§ Task statement
Your reproduction of the entries should be exact and should contain no pictures.

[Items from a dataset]
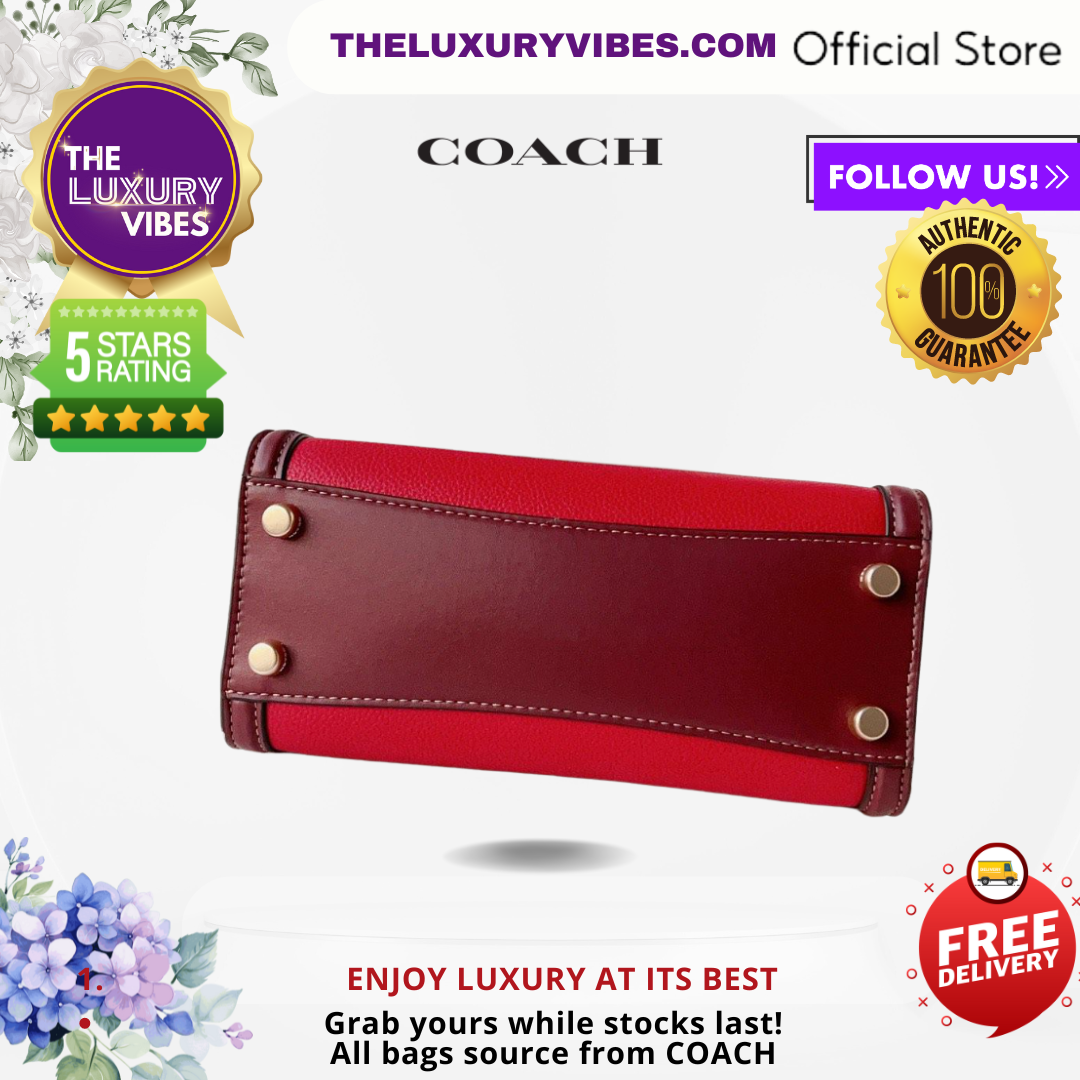 COACH Grace Carryall Colorblock Red CC140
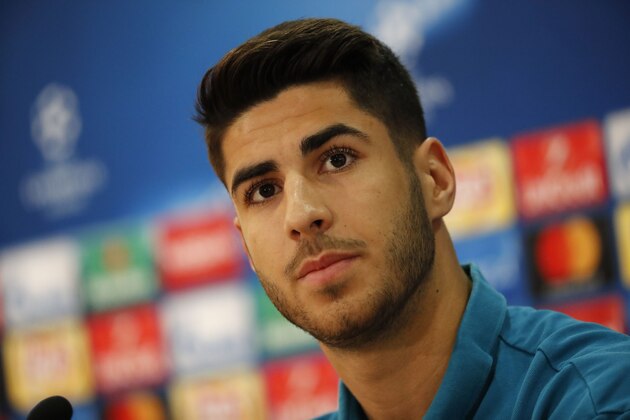 Real Madrid's Marco Asensio attends a press conference in the Cypriot capital Nicosia's GSP Stadium on the eve of the UEFA Champions League football match APOEL FC against Real Madrid, on November 20, 2017.  / AFP PHOTO / Thomas COEX        (Photo credit should read THOMAS COEX/AFP/Getty Images)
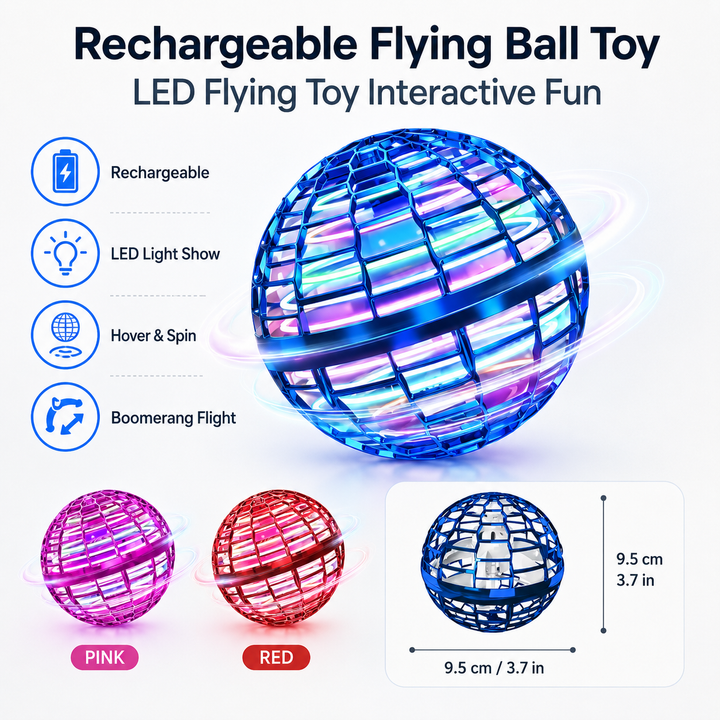A futuristic LED flying spinner ball toy, rechargeable for hours of captivating indoor play and family entertainment.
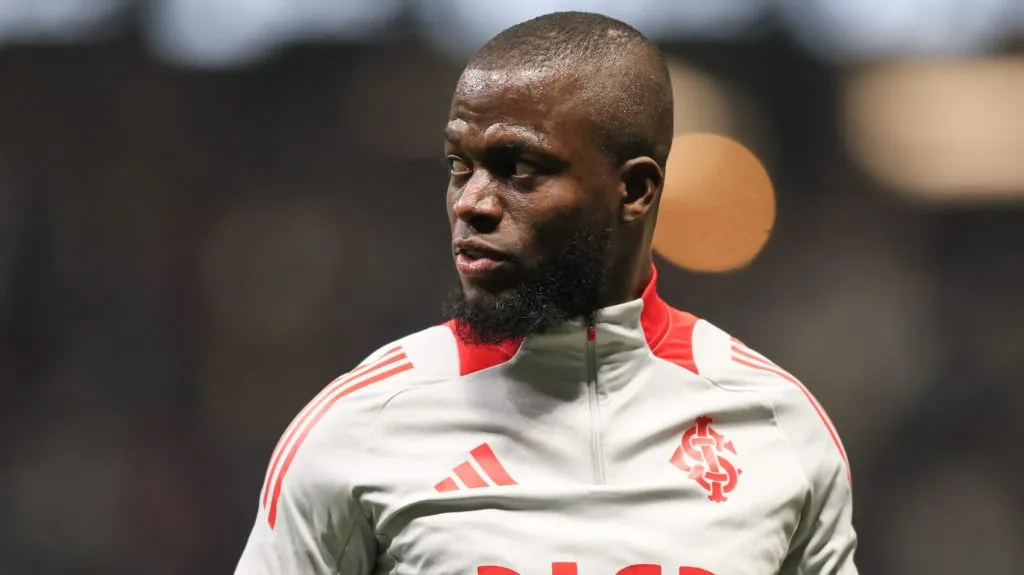 Enner Valencia jogador do Internacional comemora seu gol durante partida contra o Atletico-MG no estadio Arena MRV pelo campeonato Brasileiro A 2025. Foto: Gilson Lobo/AGIF
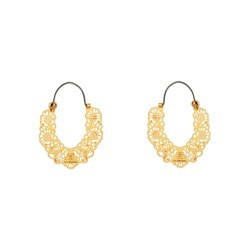 Hoop Saintes-Maries-De-La-Mer Small Flower Frame Gold Earrings | ACSM1161 - Les Nereides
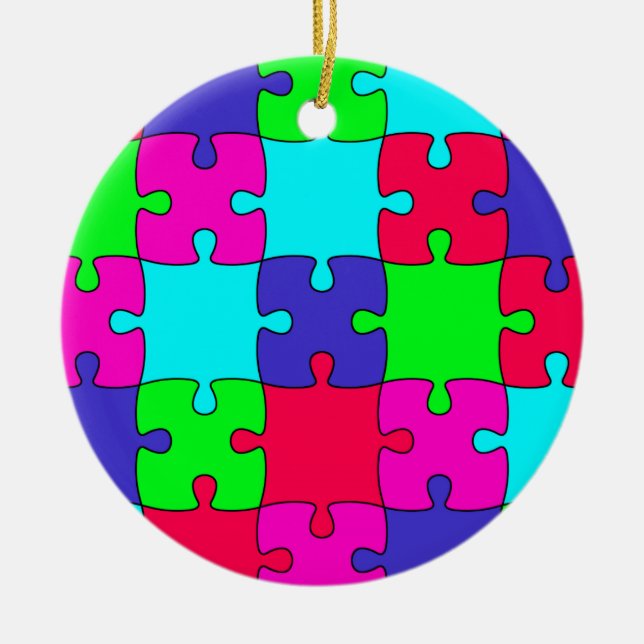 Colourful Jigsaw Puzzle Ceramic Ornament (Front)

§ Result for this task
 COACH Grace Carryall Colorblock Red CC140
 Real Madrid's Marco Asensio attends a press conference in the Cypriot capital Nicosia's GSP Stadium on the eve of the UEFA Champions League football match APOEL FC against Real Madrid, on November 20, 2017.  / AFP PHOTO / Thomas COEX        (Photo credit should read THOMAS COEX/AFP/Getty Images)
A futuristic LED flying spinner ball toy, rechargeable for hours of captivating indoor play and family entertainment.
 Enner Valencia jogador do Internacional comemora seu gol durante partida contra o Atletico-MG no estadio Arena MRV pelo campeonato Brasileiro A 2025. Foto: Gilson Lobo/AGIF
 Hoop Saintes-Maries-De-La-Mer Small Flower Frame Gold Earrings | ACSM1161 - Les Nereides
 Colourful Jigsaw Puzzle Ceramic Ornament (Front)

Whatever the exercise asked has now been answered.